An Overview of the Evolution
of Native American Cultures
About 17,000
years ago, with the world at the height of its last Ice Age, an icy bridge
across today’s Bering Strait served as the conduit for people following their
game herds from Siberia into Alaska.
From there, they trekked southward to the Rocky Mountains by about 10,000
years ago and from the Rockies moved eastward to the Atlantic coast. These peoples fashioned bows and arrows, war
clubs, and spears from wood and stone;
with the wooly mammoth extinct as they were in the midst of their
migrations across the plains and prairies of the upper West and Midwest, they
hunted small game, deer, moose, and the
American bison (buffalo). By about 1500
B. C. (CE), some of these hunter-gatherers learned to cultivate crops on land
along rivers, settling into small villages and developing distinct cultures.
The Aleut of
southwestern Alaska lived in sod houses, going forth to fish and hunt wildlife,
including sea mammals; women used an
original two-strand twining technique to weave clothes and blankets. The Inuit people spread out from southeastern
Alaska to Greenland, hunting whale, seal, and caribou; in response to their Arctic climate, they
built ice igloos, constructed the versatile kayak, and wore footwear highly
adapted to ice and snow.
The Ottawa
people originally lived north of the Great Lakes before moving to an inlet
(Georgia Bay) of Lake Huron in southeastern Ontario. The Huron people also lived in Ontario, as
did a portion of the Iroquois confederacy (comprised of the Mohawk, Oneida,
Onondaga, Cayuga, and Seneca); the
Iroquois also settled in today’s Quebec
Province and New York State. The
Narragansett people constructed their wigwams (domed houses with sapling frames
covered with bark and deerskin) in Rhode Island.
Arapaho,
Blackfoot, Comanche, Cree, Crow, and Flathead tribes lived and hunted in
various areas of the Great Plains; the
Cree also lived in the woodlands along and north of today’s Canadian
border. To the northwest (today’s Idaho,
Oregon, and Washington) lived the Nez Perce, while across the expanses of
today’s Midwest lived Cheyenne, Dakota, Kickapoo, Ojibwe, Osage, and
Shawnee.
The Cherokee
were skillful farmers who lived in the southern Allegheny Mountains of Alabama,
the Carolinas, Georgia, and Tennessee.
The Delaware built their rectangular, bark-covered houses in the
woodlands areas extending from the Atlantic.

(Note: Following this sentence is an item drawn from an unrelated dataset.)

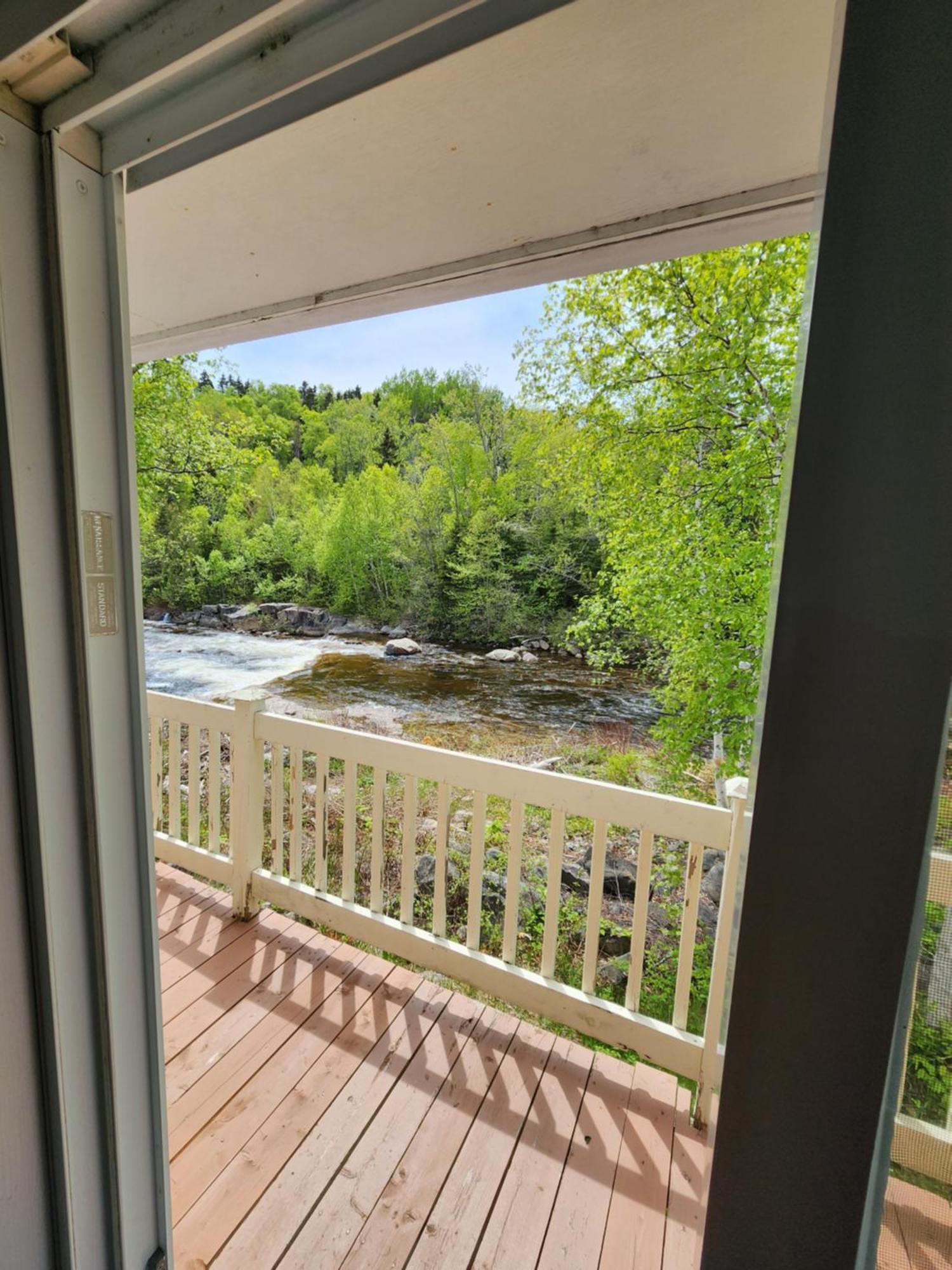 Motel Et Chalets Bo-Fleuve Evangeline Saint-Siméon Eksteriør bilde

The Miami also were an Eastern Woodlands people who
burned
forest land to clear fields and control brush to abet their agricultural
economy; they also, though, hunted
buffalo (unusual for those living so far east).
The Shawnee lived in Kentucky and West Virginia after being pushed
southeastward from Ohio.
The eight
clans of the Seminole lived in Florida.
The Chickasaw hunted panther, deer, bear, beaver, and otter in northern
Mississippi; males distinctively shaved
both sides of the head, leaving a central crest. In other areas stretching across the American
South were Natchez, Choctaw, and Creek, the latter composed of 50 distinct
bands. The Kiowa were a highly mobile
people, based in Oklahoma but roaming and raiding far enough to bring back
parrots and monkeys from South America.
In the American Southwest lived Apache, Hopi, Navaho, and Utes. The Yaqui were ardent warriors dominating
northern and northwestern Mexico.
Native
American societies responded to their natural environments and local
circumstances of life in ways that produced a variety of cultural traits,
economic activities, and artistic expressions.
The Iroquois
used wampum,
belts or strings with knots and beaded designs serving as mnemonic aids for
chroniclers of stories and legends; wampum
also served as currency and as a unit of measure. Pueblo tribes crafted items associated with kachina
dancers, including masks that the dancers wore and dolls representing the
dancers themselves; they also produced
turquois and shell jewelry and exquisite pots.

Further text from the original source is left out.